I've read about these HDB flats. What standard do they come in? i.e. newly renovated, pretty run-down or everything in between?

thanks again!


----------



## swissalpes

Hi Lenochka, you are correct, i would be coming by myself.

I'm used to the swiss standard of living...i.e. comfortable but expensive, however i've also lived in china on a intern's salary so i could rough it if needed...

From your experience, it seems like my budget would be very tight?

thanks.


----------



## Lenochka

Hi SwissAlpes,
yes, it will be very tight ! You will not be able to maintain a decent living standard if Swiss standards are the bar...

yes, you can eat for 2-3 SGD in Hawker STalls....but is this really what you want ?
Unless I can be at least on the same par as at back home (which by the way is ZH)
then I will not move...

one exception, if it is a very clear career jump or step to the jump...
but that would need to be certain and not some vage promise....

anyway, that's just me...good luck !


----------



## RedSoxgirl

I have been in here for about four months...so maybe i cant give you all the good info that the veteran expats can, but ill put my two cents in . I make no where near as much as most expats here do, but better then in the states for my field of work. And my employer pays for my rent (HDB) close to work. I share the apt.with another coworker as well. So between all my utilities and my other costs I do fine and am even able to save. I hope this helps a bit.


----------



## depende

swissalpes said:


> Hi Lenochka, you are correct, i would be coming by myself.
> 
> I'm used to the swiss standard of living...i.e. comfortable but expensive, however i've also lived in china on a intern's salary so i could rough it if needed...
> 
> From your experience, it seems like my budget would be very tight?
> 
> thanks.


Hi Swissalpes,

Did you moved to Singapore?


----------



## tammyyeo

Here's what I think.. if you eat normal food and not go to restaurants, and rental is your main expense, then you should do alright, not awsome, but alright.

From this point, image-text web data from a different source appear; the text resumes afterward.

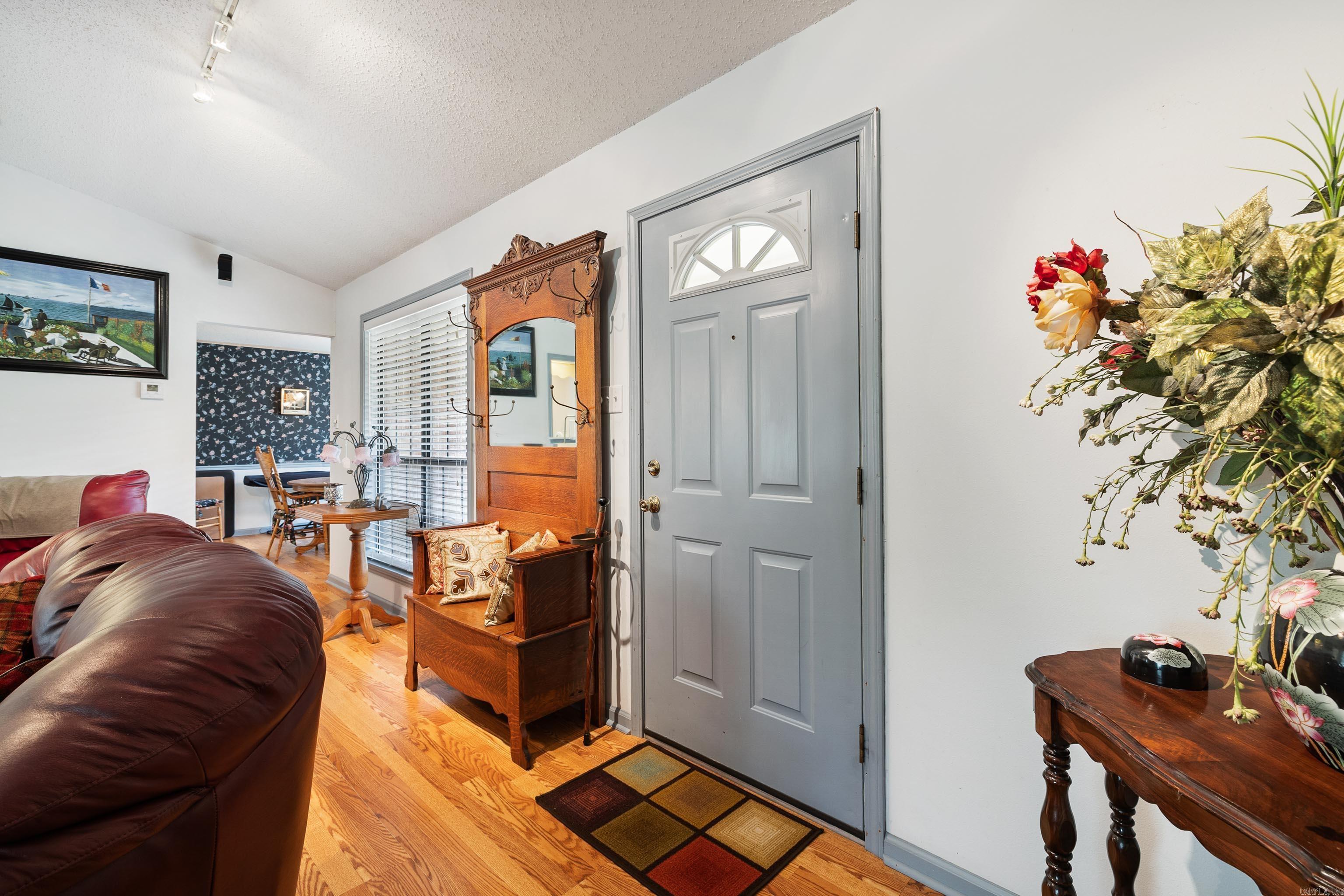 BUGG EDDIE & BERTHA - Residential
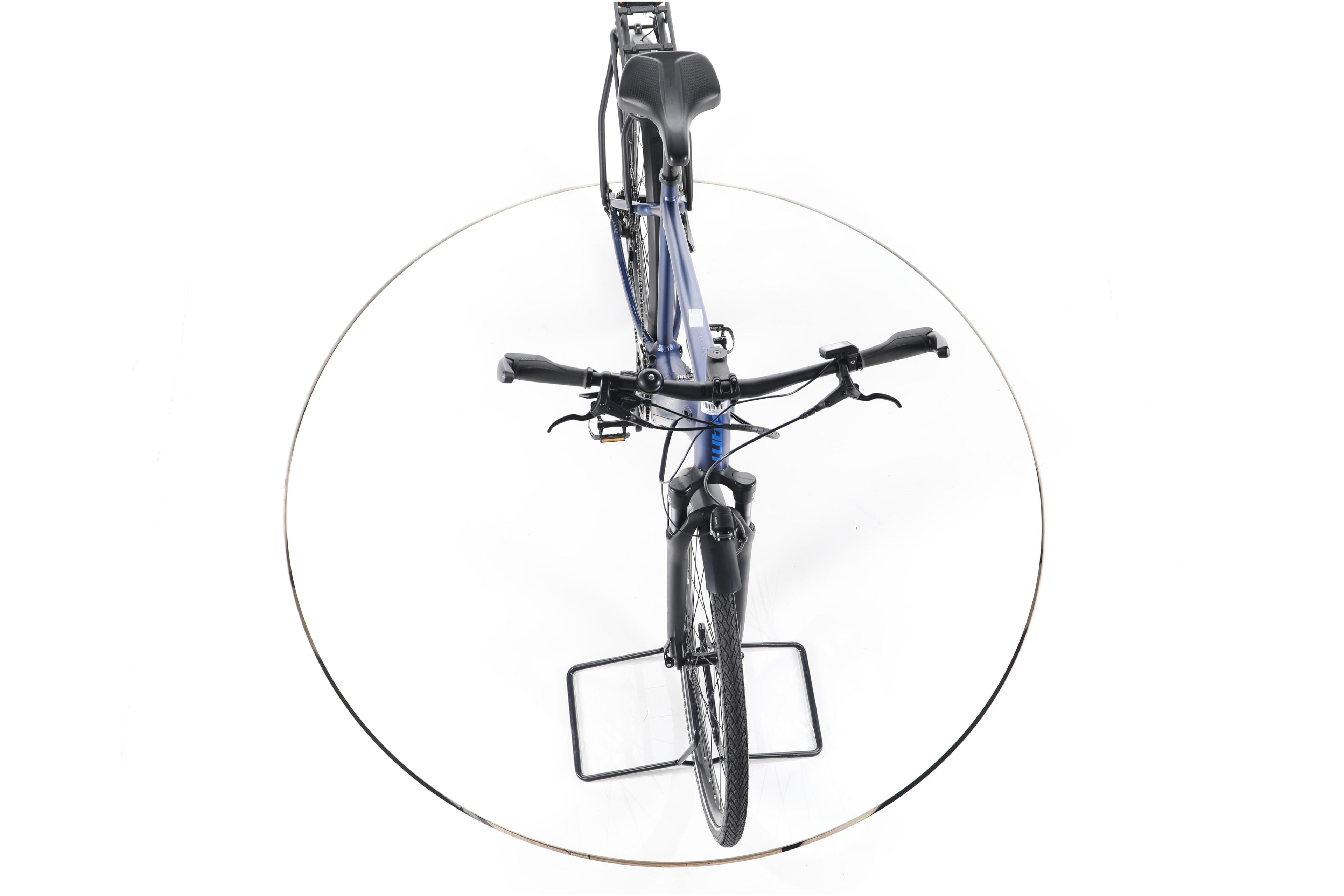 Giant Explore E+ 2 GTS Trekking E-Bike - Image 16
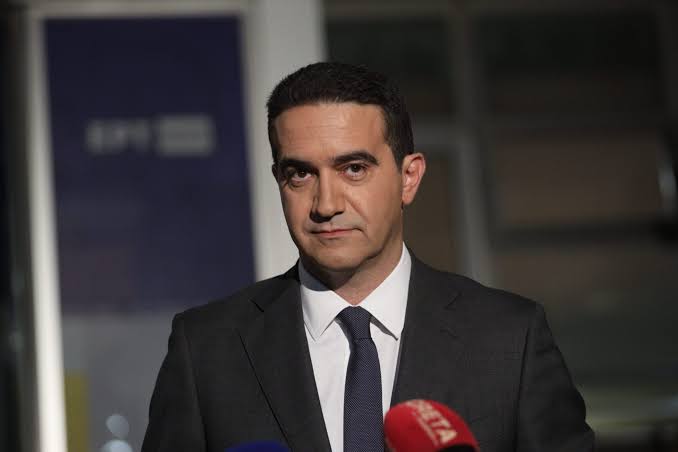 Ανάγκη ενίσχυσης του πολιτικού προσωπικού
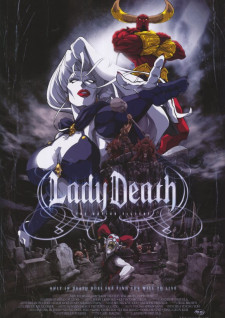 Lady Death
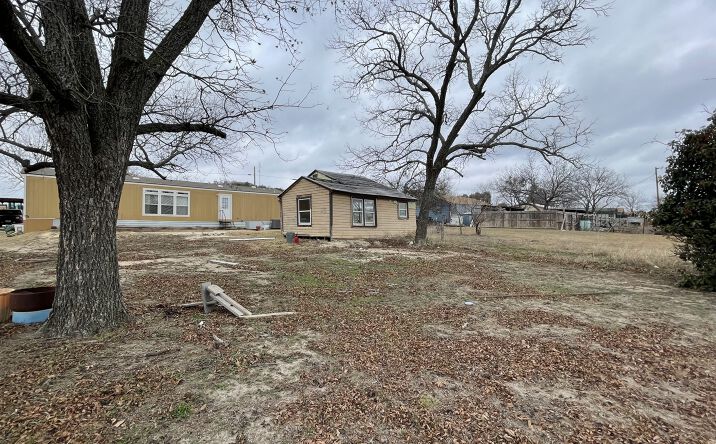 Pictures of Mixed Use property located at 349 S 9th St, Lometa, TX 76853 for sales - image #1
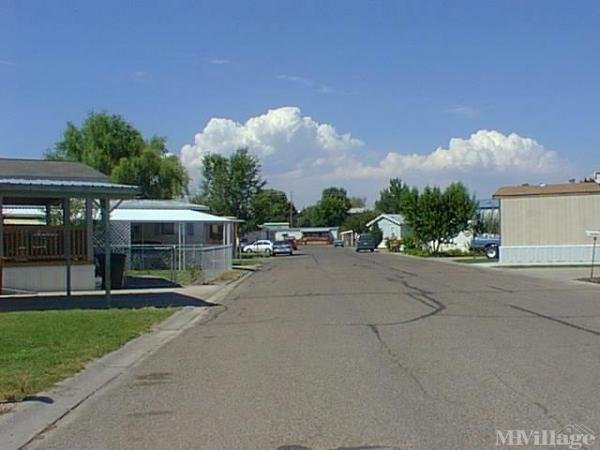 Photo of Pioneer Village Mobile Home Park, Weiser ID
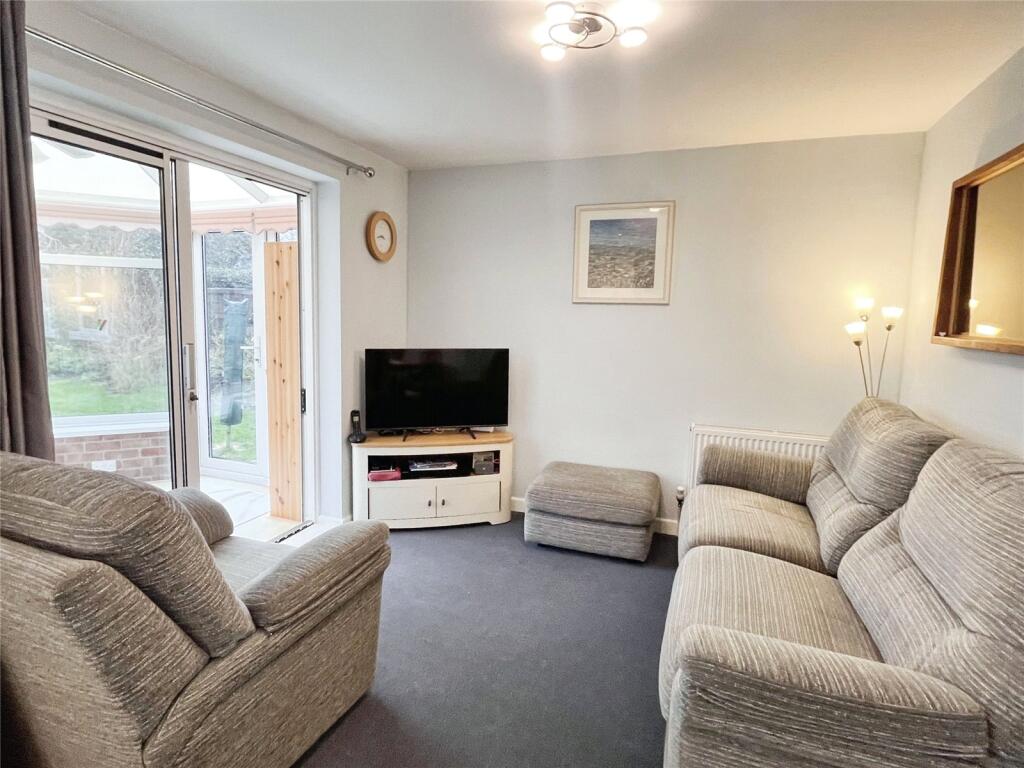 House in Freshwater, New Village - View 5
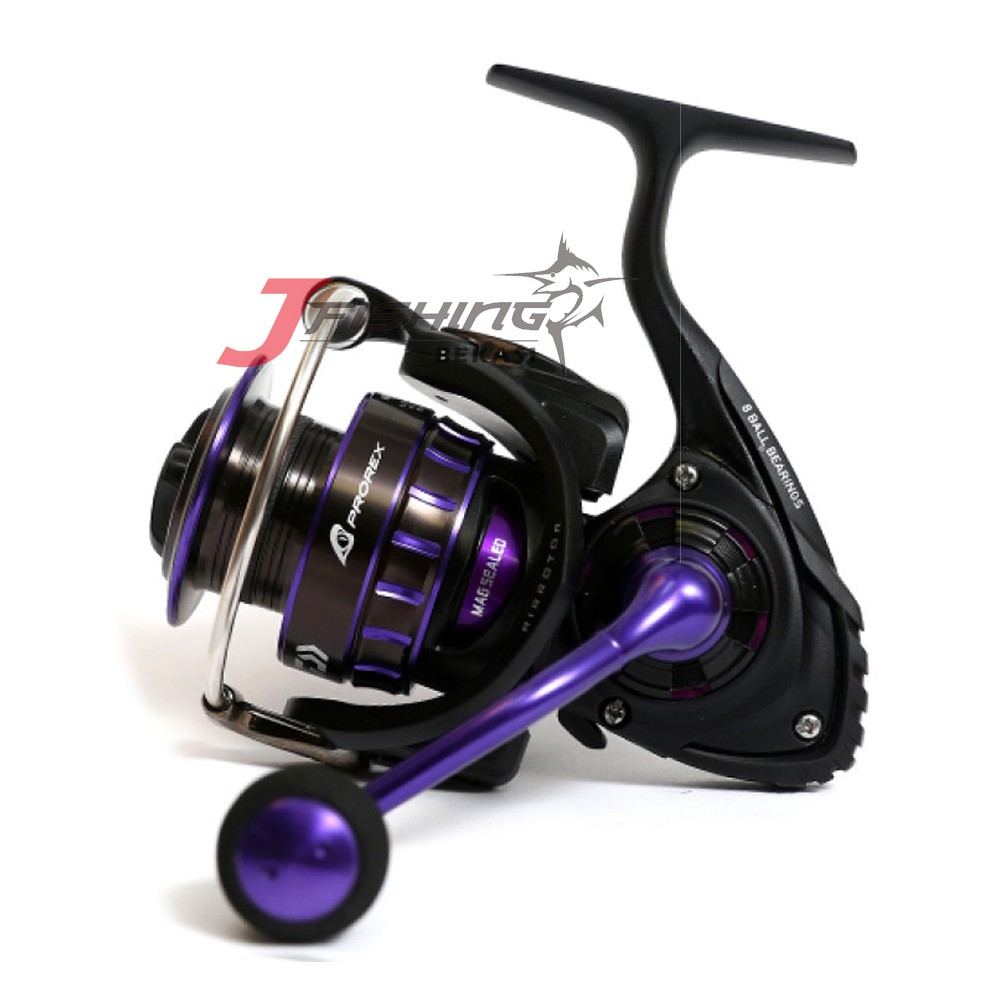 Jual Reel Daiwa Prorex Indonesia|Shopee Indonesia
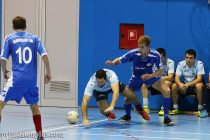 Visoka pobjeda primoštenaca: Primošten – H. Dragovoljac 7:0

Hawker food is cheap in Singapore, but other things such as car and houses are expensive


----------



## victoria autumns

Its known to have higher cost of living, but you can save if 1) take public transport, 2) eat at hawker centres or cook with a few friends, 3) go for the free/cheap trips, 4) buy bossini or Giordano clothes if you not particular, 5) sale come often here, sign up Groupon to keep track of leisure activities.


----------